While it is critical to include all of the pertinent "hard data" in the string representation of an exception, it is generally unimportant to include a lot of prose. The stack trace is intended to be analyzed in conjunction with the source files and generally contains the exact file and line number from which the exception was thrown, as well as the files and line numbers of all other method invocations on the stack. Lengthy prose descriptions of the failure are generally superfluous; the information can be gleaned by reading the source code.
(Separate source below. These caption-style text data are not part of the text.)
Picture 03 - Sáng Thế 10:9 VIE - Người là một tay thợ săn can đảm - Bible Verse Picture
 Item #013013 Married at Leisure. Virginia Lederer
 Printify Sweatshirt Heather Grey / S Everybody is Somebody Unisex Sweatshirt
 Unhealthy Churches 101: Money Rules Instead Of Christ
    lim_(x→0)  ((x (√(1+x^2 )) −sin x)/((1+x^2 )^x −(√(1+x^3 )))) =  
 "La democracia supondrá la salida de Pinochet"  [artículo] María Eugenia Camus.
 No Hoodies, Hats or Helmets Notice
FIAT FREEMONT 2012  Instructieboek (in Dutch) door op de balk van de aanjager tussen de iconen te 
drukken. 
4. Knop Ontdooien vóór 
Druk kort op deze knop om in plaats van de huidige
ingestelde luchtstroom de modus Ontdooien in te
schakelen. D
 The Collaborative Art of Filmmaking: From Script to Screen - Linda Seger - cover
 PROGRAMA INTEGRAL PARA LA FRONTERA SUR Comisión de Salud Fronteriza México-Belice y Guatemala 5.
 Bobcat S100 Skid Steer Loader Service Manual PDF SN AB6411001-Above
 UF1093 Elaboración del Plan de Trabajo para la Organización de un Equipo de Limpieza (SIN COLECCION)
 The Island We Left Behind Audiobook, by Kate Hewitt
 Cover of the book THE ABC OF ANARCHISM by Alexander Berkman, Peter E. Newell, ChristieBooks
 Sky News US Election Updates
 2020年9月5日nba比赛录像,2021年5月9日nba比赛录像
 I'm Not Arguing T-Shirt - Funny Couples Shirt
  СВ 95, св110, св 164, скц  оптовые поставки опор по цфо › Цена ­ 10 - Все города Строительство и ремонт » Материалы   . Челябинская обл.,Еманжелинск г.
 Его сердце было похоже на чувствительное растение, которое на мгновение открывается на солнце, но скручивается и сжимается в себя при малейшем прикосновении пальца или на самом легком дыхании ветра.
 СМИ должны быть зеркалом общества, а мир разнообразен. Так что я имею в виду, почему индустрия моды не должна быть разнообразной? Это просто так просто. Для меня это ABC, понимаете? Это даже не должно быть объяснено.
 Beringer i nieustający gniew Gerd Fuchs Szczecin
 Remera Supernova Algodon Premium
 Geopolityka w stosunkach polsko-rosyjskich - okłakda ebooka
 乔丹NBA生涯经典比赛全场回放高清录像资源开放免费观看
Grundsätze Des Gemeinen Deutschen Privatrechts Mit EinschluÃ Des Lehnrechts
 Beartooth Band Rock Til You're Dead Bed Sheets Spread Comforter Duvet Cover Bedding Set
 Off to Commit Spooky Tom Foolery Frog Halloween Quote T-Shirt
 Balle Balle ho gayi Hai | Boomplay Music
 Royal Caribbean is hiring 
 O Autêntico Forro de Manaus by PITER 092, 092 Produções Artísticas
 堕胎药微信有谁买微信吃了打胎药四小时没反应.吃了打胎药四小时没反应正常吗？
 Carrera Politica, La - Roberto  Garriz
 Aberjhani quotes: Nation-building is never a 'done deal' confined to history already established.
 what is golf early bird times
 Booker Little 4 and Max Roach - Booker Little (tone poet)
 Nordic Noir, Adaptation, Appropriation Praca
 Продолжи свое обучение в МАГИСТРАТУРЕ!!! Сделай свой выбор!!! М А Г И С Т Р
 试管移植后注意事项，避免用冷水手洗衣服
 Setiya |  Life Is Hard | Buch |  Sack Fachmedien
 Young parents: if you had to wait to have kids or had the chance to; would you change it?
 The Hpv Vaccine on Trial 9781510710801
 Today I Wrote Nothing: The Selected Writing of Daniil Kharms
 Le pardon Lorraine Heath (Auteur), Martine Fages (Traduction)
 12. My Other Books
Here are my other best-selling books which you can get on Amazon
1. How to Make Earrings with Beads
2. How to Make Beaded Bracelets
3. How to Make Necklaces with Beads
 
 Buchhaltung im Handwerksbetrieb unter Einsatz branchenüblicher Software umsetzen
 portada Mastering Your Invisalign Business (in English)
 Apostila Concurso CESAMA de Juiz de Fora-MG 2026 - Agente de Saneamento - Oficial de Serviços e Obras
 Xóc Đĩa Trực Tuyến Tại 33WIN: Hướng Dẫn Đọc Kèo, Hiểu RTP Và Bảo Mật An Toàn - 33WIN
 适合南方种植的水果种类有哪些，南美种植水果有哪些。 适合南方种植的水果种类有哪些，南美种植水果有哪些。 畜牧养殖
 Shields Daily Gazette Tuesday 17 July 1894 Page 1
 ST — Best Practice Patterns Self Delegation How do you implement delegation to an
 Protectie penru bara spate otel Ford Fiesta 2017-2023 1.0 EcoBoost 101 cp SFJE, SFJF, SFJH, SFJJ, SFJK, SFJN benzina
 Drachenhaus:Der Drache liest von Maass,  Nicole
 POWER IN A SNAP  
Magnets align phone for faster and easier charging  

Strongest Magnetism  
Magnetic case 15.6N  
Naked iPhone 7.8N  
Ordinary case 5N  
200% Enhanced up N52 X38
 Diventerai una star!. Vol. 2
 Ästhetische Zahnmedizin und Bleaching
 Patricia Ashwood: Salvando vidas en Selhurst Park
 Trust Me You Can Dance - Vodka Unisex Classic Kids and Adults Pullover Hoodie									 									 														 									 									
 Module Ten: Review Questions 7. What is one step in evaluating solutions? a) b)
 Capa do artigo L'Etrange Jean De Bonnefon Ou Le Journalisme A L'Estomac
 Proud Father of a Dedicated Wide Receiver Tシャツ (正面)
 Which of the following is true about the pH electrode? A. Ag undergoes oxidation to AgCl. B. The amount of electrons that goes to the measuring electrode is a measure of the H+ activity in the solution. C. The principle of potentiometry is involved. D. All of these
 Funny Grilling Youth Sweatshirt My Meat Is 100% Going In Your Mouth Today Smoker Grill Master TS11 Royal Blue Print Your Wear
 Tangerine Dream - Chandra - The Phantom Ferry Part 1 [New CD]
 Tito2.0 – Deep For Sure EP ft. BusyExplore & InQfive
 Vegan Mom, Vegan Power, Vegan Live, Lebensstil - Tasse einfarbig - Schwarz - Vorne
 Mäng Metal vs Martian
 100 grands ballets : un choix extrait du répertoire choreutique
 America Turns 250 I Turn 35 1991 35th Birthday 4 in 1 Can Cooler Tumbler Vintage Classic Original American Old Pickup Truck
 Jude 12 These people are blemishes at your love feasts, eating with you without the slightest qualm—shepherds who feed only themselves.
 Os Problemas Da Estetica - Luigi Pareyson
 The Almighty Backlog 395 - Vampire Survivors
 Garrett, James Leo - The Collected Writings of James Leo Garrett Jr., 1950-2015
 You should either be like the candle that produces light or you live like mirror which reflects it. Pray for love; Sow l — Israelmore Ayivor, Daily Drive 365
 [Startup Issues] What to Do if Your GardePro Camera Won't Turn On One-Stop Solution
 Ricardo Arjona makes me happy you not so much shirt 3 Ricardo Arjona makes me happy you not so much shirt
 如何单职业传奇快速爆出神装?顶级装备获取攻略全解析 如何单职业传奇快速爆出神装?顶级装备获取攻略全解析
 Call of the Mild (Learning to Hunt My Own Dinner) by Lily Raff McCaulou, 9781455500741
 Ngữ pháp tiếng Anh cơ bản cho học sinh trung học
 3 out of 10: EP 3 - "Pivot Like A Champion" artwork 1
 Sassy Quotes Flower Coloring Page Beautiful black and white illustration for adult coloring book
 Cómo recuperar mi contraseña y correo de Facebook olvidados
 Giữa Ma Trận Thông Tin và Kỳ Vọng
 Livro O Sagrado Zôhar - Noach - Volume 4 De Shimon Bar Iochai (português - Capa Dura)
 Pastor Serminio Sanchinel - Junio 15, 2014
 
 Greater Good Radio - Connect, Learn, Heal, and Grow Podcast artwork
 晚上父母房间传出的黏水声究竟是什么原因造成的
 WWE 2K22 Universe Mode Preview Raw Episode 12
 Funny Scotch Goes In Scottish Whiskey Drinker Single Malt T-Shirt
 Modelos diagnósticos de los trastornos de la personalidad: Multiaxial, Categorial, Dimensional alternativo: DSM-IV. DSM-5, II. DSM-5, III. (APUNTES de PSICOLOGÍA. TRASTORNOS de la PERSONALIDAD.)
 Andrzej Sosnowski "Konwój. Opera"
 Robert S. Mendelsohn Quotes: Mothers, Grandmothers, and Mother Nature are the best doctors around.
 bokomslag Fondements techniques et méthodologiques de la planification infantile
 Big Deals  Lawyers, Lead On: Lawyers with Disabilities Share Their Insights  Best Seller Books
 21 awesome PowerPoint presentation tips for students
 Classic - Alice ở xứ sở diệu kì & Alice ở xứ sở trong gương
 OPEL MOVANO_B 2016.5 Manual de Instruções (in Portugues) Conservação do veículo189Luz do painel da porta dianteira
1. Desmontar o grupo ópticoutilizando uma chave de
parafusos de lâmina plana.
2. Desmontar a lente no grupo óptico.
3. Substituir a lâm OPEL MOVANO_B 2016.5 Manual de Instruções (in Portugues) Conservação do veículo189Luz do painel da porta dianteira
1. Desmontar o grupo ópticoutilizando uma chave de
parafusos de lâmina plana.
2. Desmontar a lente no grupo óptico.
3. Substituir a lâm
The string representation of an exception should not be confused with a user-level error message, which must be intelligible to end users. Unlike a user-level error message, it is primarily for the benefit of programmers or field service personnel for use when analyzing a failure. Therefore information content is far more important than intelligibility.



One way to ensure that exceptions contain adequate failure-capture information in their string representations is to require this information in their constructors in lieu of a string detail message. The detail message can then be generated automatically to include the information. For example, instead of a String constructor, IndexOutOfBoundsException could have had a constructor that looks like this:





/**
* Construct an IndexOutOfBoundsException.
*
* @param lowerBound the lowest legal index value.
* @param upperBound the highest legal index value plus one.
* @param index the actual index value.
*/
public IndexOutOfBoundsException(int lowerBound, int upperBound,
int index) {
// Generate a detail message that captures the failure
super( "Lower bound: " + lowerBound +
", Upper bound: " + upperBound +
", Index: " + index);
}


Unfortunately, the Java platform libraries do not make heavy use of this idiom, but it is highly recommended. It makes it easy for the programmer throwing an exception to capture the failure. In fact, it makes it hard for the programmer not to capture the failure! In effect, the idiom centralizes the code to generate a high-quality string representation for an exception in the exception class itself, rather than requiring each user of the class to generate the string representation redundantly.



As suggested in Item 40, it may be appropriate for an exception to provide accessor methods for its failure-capture information (lowerBound, upperBound, and index in the above example). It is more important to provide such accessor methods on checked exceptions than on unchecked exceptions because the failure-capture information could be useful in recovering from the failure. It is rare (although not inconceivable) that a programmer might want programmatic access to the details of an unchecked exception. Even for unchecked exceptions, however, it seems advisable to provide these accessors on general principle (Item 9).